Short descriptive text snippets
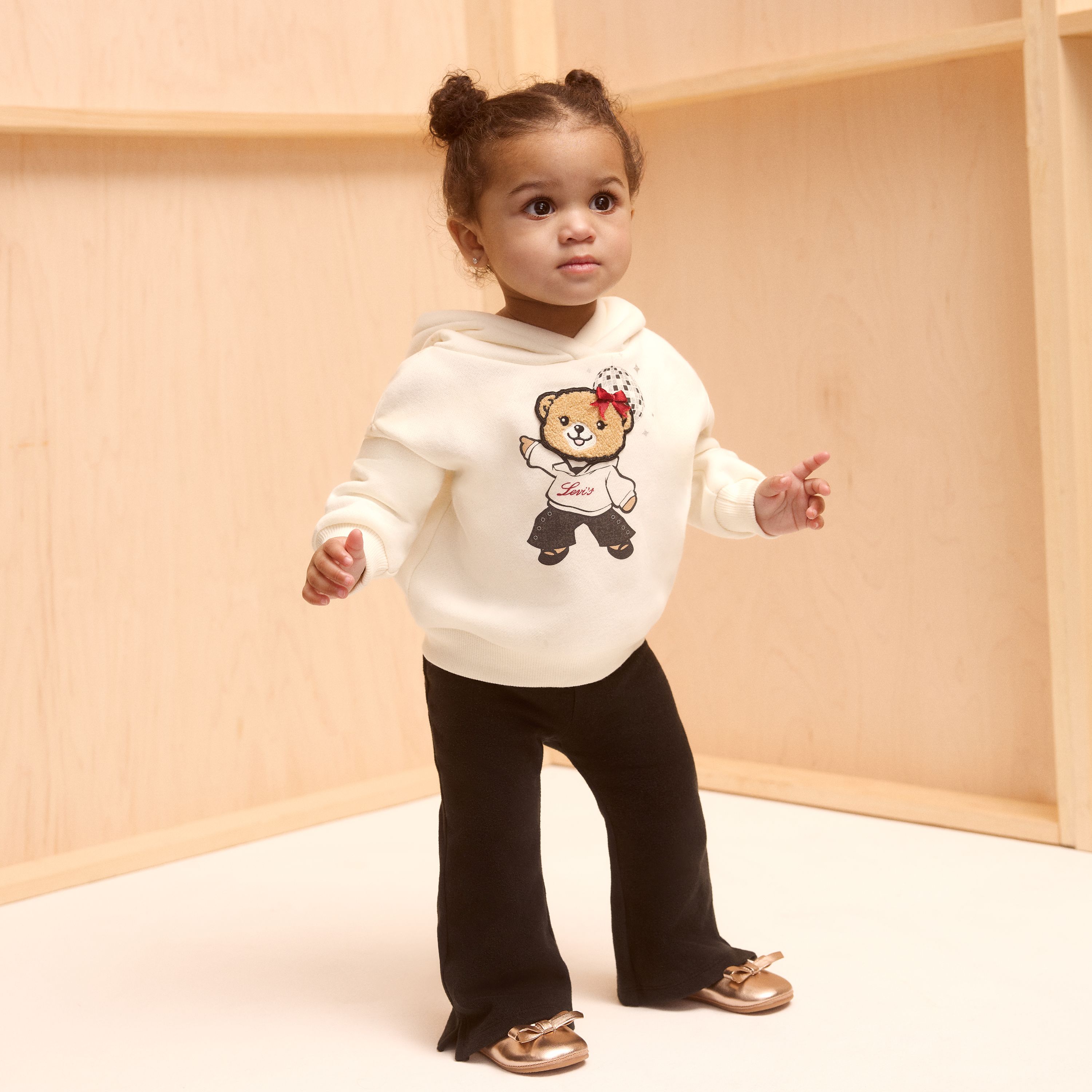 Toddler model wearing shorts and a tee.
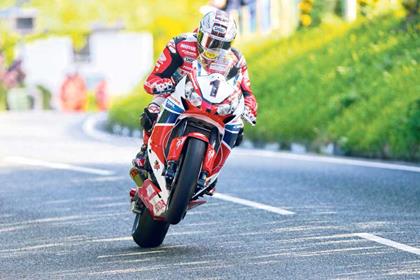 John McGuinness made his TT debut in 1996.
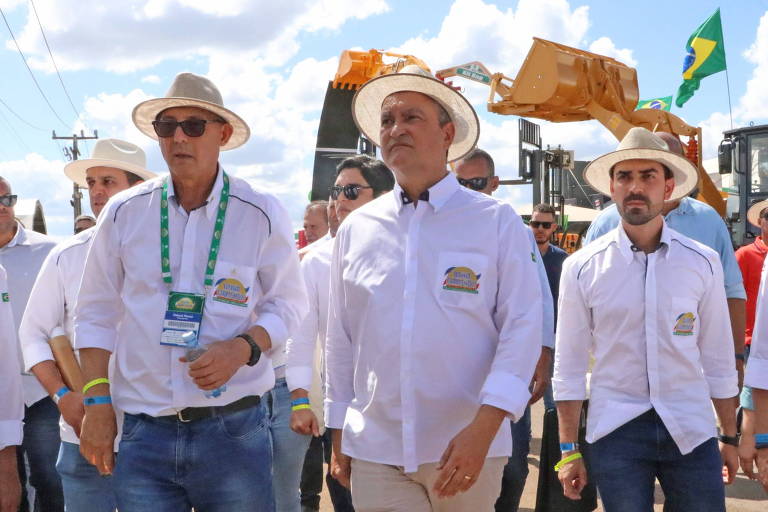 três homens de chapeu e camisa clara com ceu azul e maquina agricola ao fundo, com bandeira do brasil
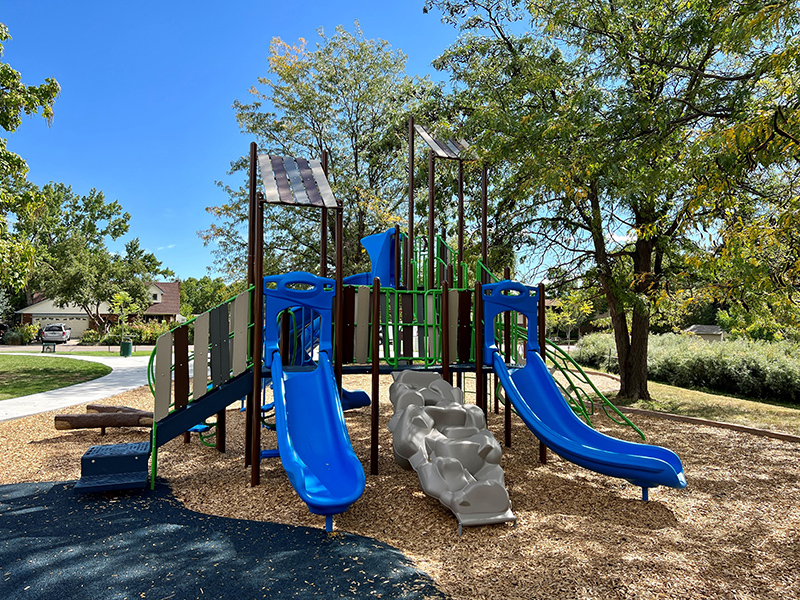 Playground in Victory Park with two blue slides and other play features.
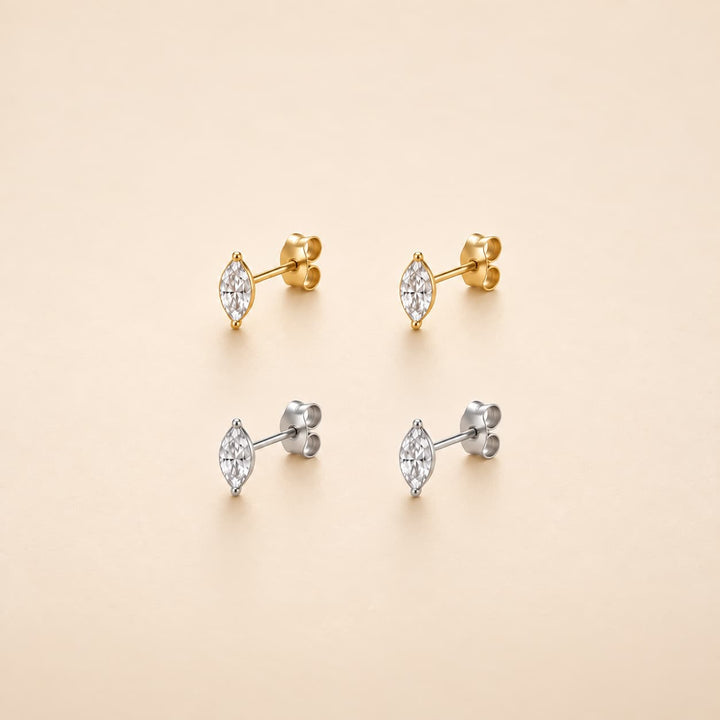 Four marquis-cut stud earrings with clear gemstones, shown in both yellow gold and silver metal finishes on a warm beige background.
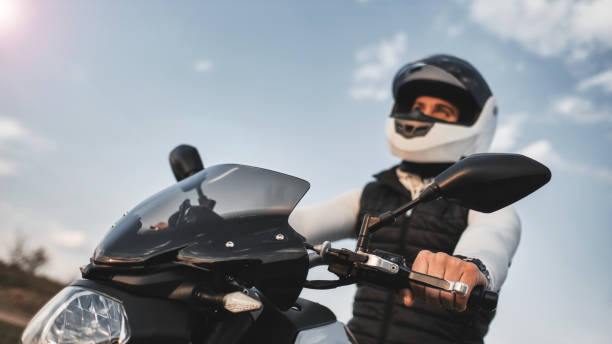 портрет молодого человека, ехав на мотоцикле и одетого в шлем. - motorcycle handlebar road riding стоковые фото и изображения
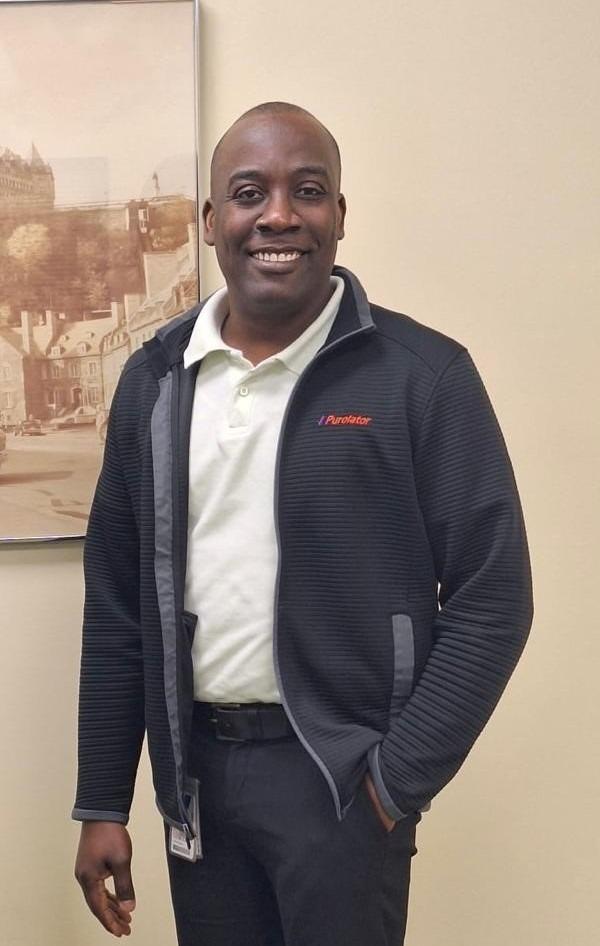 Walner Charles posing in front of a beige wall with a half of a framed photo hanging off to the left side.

> _Work task_: Word for word, reproduce all of the entries above and omit the pictures.

> _Solution to the exercise_:
 Toddler model wearing shorts and a tee.
 John McGuinness made his TT debut in 1996.
 três homens de chapeu e camisa clara com ceu azul e maquina agricola ao fundo, com bandeira do brasil
 Playground in Victory Park with two blue slides and other play features.
 Four marquis-cut stud earrings with clear gemstones, shown in both yellow gold and silver metal finishes on a warm beige background.
 портрет молодого человека, ехав на мотоцикле и одетого в шлем. - motorcycle handlebar road riding стоковые фото и изображения
 Walner Charles posing in front of a beige wall with a half of a framed photo hanging off to the left side.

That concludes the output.